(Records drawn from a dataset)
Segment Open

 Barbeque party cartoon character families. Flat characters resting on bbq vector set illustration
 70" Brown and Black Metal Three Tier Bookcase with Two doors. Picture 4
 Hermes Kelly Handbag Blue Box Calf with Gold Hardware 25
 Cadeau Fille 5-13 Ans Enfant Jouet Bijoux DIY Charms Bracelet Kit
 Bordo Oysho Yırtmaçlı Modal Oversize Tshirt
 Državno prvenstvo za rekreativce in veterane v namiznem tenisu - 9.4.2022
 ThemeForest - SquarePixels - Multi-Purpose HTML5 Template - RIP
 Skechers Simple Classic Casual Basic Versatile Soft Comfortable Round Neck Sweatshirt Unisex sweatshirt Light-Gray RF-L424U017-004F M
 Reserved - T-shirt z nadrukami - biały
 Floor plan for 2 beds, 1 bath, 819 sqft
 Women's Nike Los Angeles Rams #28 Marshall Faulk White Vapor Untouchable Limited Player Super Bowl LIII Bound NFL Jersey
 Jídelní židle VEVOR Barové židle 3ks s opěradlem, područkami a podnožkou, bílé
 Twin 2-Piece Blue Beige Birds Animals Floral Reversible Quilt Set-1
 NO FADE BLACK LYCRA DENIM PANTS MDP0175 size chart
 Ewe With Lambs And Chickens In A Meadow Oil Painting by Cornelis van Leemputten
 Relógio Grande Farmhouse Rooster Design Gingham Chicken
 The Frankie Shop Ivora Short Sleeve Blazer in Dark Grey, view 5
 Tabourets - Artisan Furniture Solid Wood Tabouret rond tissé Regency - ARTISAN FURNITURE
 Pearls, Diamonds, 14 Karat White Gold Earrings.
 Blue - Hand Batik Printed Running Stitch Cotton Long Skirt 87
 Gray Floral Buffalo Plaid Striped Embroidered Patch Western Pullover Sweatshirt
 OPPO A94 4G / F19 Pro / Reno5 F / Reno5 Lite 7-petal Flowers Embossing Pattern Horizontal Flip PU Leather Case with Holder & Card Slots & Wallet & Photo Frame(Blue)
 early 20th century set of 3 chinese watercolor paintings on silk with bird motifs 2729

Segment Closed

## EXERCISE
Repeat, exactly as they stand, the line that contains "Women's Nike Los" and all the lines after it in the data above.

## ANSWER
 Women's Nike Los Angeles Rams #28 Marshall Faulk White Vapor Untouchable Limited Player Super Bowl LIII Bound NFL Jersey
 Jídelní židle VEVOR Barové židle 3ks s opěradlem, područkami a podnožkou, bílé
 Twin 2-Piece Blue Beige Birds Animals Floral Reversible Quilt Set-1
 NO FADE BLACK LYCRA DENIM PANTS MDP0175 size chart
 Ewe With Lambs And Chickens In A Meadow Oil Painting by Cornelis van Leemputten
 Relógio Grande Farmhouse Rooster Design Gingham Chicken
 The Frankie Shop Ivora Short Sleeve Blazer in Dark Grey, view 5
 Tabourets - Artisan Furniture Solid Wood Tabouret rond tissé Regency - ARTISAN FURNITURE
 Pearls, Diamonds, 14 Karat White Gold Earrings.
 Blue - Hand Batik Printed Running Stitch Cotton Long Skirt 87
 Gray Floral Buffalo Plaid Striped Embroidered Patch Western Pullover Sweatshirt
 OPPO A94 4G / F19 Pro / Reno5 F / Reno5 Lite 7-petal Flowers Embossing Pattern Horizontal Flip PU Leather Case with Holder & Card Slots & Wallet & Photo Frame(Blue)
 early 20th century set of 3 chinese watercolor paintings on silk with bird motifs 2729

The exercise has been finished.